Time Monotonicity Enforcement #141

AdityaSripal · 2021-04-26T23:07:45Z

Description

enforce time monotoncity
create time misbehaviour
early return on identical updates
misbehaviour detection within updateclient

closes: #XXXX

Before we can merge this PR, please make sure that all the following items have been
checked off. If any of the checklist items are not applicable, please leave them but
write a little note why.

Targeted PR against correct branch (see CONTRIBUTING.md)
Linked to Github issue with discussion and accepted design OR link to spec that describes this work.
Code follows the module structure standards.
Wrote unit and integration tests
Updated relevant documentation (docs/) or specification (x/<module>/spec/)
Added relevant godoc comments.
Added a relevant changelog entry to the Unreleased section in CHANGELOG.md
Re-reviewed Files changed in the Github PR explorer
Review Codecov Report in the comment section below once CI passes

…HSA-fw94-c6w5-gw8j into aditya/update-client-fix

Co-authored-by: Zarko Milosevic <zarko@informal.systems>

…HSA-fw94-c6w5-gw8j into aditya/update-client-fix

…-c6w5-gw8j into alderfly-ibc-fix

codecov-commenter · 2021-04-26T23:15:43Z

Codecov Report

Merging #141 (76e932a) into main (5b9e3c0) will increase coverage by 13.06%.
The diff coverage is 95.40%.

@@             Coverage Diff             @@
##             main     #141       +/-   ##
===========================================
+ Coverage   65.92%   78.99%   +13.06%     
===========================================
  Files         131      109       -22     
  Lines        8382     6516     -1866     
===========================================
- Hits         5526     5147      -379     
+ Misses       2476     1009     -1467     
+ Partials      380      360       -20

Impacted Files	Coverage Δ
...clients/07-tendermint/types/misbehaviour_handle.go	`85.45% <69.23%> (-5.85%)`	⬇️
modules/core/02-client/keeper/client.go	`98.52% <100.00%> (+0.25%)`	⬆️
.../light-clients/07-tendermint/types/client_state.go	`70.00% <100.00%> (ø)`
...odules/light-clients/07-tendermint/types/header.go	`100.00% <100.00%> (ø)`
.../light-clients/07-tendermint/types/misbehaviour.go	`72.13% <100.00%> (-0.89%)`	⬇️
modules/light-clients/07-tendermint/types/store.go	`89.24% <100.00%> (+0.35%)`	⬆️
...odules/light-clients/07-tendermint/types/update.go	`81.41% <100.00%> (+3.52%)`	⬆️
testing/simapp/encoding.go
testing/simapp/export.go
testing/app.go
... and 19 more

AdityaSripal

I've decided to keep the FrozenHeight to being the height of the offending header that caused misbehaviour. With time misbehaviour i use the larger height. Since we no longer use its specific value, it doesn't really matter so long as its non-zero. @colin-axner argues for just making the height {0-1} since it isn't used for anything other than a boolean value.

I figure if we're keeping it, we may as well make it meaningful. Care to weigh in @cwgoes ?

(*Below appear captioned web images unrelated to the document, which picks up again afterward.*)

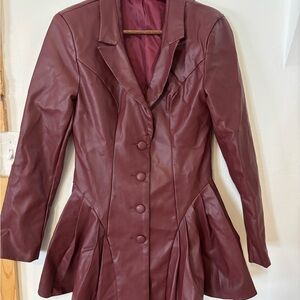 SHEIN Maroon Leather Mini Dress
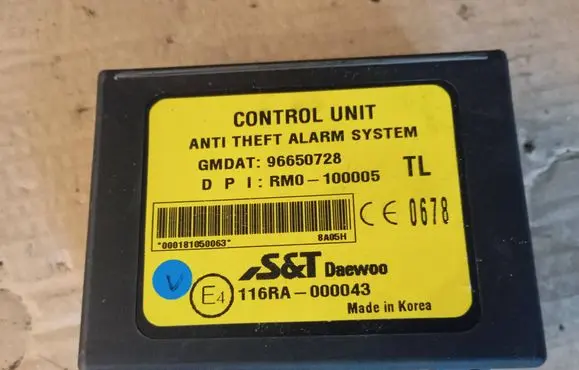 Chevrolet Aveo Alarm control unit/module 96650728 RM0100005 116RA000043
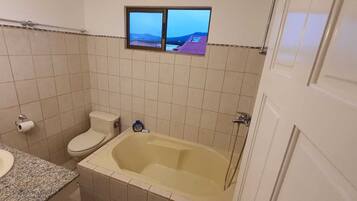 Douche, serviettes fournies, papier toilette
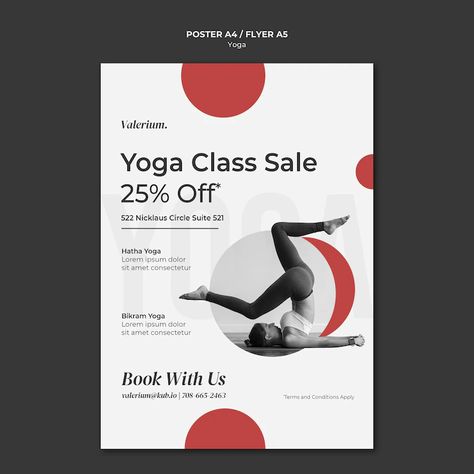 Class Poster Design, Free Psd Poster, Class Poster, Desain Editorial, Yoga Lessons, Yoga Poster, Dance Poster, Yoga Times, Folder Design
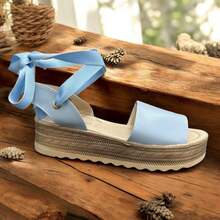 Lady Alison Plain Sandal With Casual Platform For Women - 天藍色 - 查看 2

AdityaSripal · 2021-04-26T23:10:54Z

modules/core/02-client/keeper/client.go

+	// If client state is not frozen after clientState CheckHeaderAndUpdateState,
+	// then write the update state changes, and set new consensus state.
+	// Else the update was proof of misbehaviour and we must emit appropriate misbehaviour events.
+	if !newClientState.IsFrozen() {


There was too much confusion regarding separation of responsibilities for detecting misbehaviour here. Because conflicting header can be detected here, but time monotonicity can't. Thus, it makes more sense to just make it the responsibility of client developers to do this correctly so we have clear separation of responsibility.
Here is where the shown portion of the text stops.